Eugene Jarecki - Executive Producer
Eugene Jarecki (The House I Live In, Reagan, Why We Fight, The Trials of Henry Kissinger) is an award-winning dramatic and documentary filmmaker. His most recent film THE HOUSE I LIVE IN (2012) won the Grand Jury Prize at the 2012 Sundance Film Festival. His prior film WHY WE FIGHT (2005) won the Grand Jury Prize at the 2005 Sundance Film Festival and the 2006 Peabody Award. Jarecki’s 2001 film, THE TRIALS OF HENRY KISSINGER, was broadcast in 30 countries and nominated for an Independent Spirit Award.

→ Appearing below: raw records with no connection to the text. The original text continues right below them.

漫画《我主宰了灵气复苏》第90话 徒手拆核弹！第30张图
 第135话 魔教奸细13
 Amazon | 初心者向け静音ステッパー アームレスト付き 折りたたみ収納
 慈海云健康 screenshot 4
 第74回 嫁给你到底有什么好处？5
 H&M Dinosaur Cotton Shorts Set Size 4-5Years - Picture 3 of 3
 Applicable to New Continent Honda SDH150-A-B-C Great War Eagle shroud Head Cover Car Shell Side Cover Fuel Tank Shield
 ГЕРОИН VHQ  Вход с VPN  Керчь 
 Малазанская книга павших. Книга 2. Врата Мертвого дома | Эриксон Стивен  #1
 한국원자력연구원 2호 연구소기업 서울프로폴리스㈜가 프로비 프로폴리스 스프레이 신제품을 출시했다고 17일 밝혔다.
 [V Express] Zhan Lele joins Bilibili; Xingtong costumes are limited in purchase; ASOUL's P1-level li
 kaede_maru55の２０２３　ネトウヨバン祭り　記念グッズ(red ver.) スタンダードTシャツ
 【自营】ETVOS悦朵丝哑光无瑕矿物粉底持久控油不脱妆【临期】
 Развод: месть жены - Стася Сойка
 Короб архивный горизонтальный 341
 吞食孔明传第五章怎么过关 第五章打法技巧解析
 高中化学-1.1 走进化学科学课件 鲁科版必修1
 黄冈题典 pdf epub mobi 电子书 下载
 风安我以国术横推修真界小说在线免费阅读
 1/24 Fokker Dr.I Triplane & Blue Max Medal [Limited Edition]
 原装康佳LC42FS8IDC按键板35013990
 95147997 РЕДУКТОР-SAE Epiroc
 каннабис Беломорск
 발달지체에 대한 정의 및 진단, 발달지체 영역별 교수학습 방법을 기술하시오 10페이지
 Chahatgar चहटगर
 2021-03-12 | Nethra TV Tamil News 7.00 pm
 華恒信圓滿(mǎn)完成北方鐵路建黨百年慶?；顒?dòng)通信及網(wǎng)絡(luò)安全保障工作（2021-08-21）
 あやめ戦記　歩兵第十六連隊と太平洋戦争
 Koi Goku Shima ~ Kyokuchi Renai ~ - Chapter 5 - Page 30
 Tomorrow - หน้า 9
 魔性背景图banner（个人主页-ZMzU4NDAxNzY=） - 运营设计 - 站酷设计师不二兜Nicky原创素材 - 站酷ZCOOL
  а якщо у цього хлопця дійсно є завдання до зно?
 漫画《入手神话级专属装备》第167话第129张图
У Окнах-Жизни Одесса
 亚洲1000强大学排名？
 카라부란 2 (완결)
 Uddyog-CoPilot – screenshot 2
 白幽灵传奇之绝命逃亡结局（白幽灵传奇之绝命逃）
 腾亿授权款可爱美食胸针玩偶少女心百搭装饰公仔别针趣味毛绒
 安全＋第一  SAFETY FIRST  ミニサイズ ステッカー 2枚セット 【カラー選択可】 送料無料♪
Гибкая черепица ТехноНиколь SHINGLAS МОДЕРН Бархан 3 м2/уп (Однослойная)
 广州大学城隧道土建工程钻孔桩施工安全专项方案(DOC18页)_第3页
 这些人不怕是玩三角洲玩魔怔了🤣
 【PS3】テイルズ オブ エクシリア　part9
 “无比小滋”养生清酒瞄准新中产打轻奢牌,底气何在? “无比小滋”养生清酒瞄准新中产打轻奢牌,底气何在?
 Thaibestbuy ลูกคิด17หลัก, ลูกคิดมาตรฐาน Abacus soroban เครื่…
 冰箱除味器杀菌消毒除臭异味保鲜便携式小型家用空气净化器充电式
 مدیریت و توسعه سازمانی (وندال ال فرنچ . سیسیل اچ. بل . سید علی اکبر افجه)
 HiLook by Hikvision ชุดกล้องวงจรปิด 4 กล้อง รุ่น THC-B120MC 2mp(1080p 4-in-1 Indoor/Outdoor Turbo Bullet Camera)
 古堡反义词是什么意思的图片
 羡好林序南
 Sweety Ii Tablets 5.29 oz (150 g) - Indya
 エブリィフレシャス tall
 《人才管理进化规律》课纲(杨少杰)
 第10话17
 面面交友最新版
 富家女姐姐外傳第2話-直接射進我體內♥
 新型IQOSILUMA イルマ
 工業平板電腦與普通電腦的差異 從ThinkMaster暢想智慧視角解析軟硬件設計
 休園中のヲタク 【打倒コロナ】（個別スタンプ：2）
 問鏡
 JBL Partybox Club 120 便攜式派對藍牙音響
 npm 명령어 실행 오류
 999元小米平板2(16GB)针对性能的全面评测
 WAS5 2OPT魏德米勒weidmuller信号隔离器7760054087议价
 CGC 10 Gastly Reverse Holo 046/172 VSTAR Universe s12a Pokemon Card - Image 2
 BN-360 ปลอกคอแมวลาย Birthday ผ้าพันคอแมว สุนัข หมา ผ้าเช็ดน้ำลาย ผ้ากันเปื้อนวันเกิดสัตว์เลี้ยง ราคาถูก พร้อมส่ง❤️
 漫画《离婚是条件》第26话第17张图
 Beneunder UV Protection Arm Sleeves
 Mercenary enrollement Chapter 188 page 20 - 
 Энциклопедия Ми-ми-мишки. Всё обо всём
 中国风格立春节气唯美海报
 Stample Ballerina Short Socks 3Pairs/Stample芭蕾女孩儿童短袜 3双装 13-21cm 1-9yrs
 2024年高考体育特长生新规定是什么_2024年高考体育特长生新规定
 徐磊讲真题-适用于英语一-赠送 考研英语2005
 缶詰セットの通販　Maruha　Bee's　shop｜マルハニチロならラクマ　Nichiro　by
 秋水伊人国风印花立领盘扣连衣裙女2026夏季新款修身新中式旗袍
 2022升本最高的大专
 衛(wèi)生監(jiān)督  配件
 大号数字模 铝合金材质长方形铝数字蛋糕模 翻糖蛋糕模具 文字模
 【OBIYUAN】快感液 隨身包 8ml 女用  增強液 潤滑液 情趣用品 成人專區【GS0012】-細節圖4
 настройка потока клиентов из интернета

Nick Fraser - Executive Producer
Nick Fraser (Man on Wire, Why We Fight, Pussy Riot) is currently working as the the Commissioning Editor of Storyville, the BBC's long-running, influential and cutting edge nonfiction program that airs documentaries made in the United Kingdom and around the world. Documentary films shown on Storyville have won many awards, including an Oscar, Sundance prizes, Peabody awards, IDFA trophies and Grierson Trust Awards. Fraser has held his current position as Commissioning Editor since the inception of the Storyville series in 1997.
Robert W. Miller - Music
Robert W. Miller (Particle Fever, The House I Live In, Why We Fight)is a prolific composer of music for film, television and the concert hall, with a career spanning some 23 years. His distinctive style has made its mark on well over 2,000 commercials, a growing body of some 40 film scores, as well as numerous works for the stage. Over the years his work has garnered him seven CLIO awards, two AICP awards, two Emmy "group" nominations for the Coca-Cola spot “It’s Mine” and Mercedes' “Modern Ark,” as well as collective Emmys for Coca-Cola's “Heist" and the ESPN 30 for 30 film "Survive and Advance."
Shirel Kozak - Co-Producer
Shirel Kozak (The House I Live In, Reagan, Freakonomics) is a New York based producer who has worked with Eugene Jarecki's Charlotte Street Films since 2009.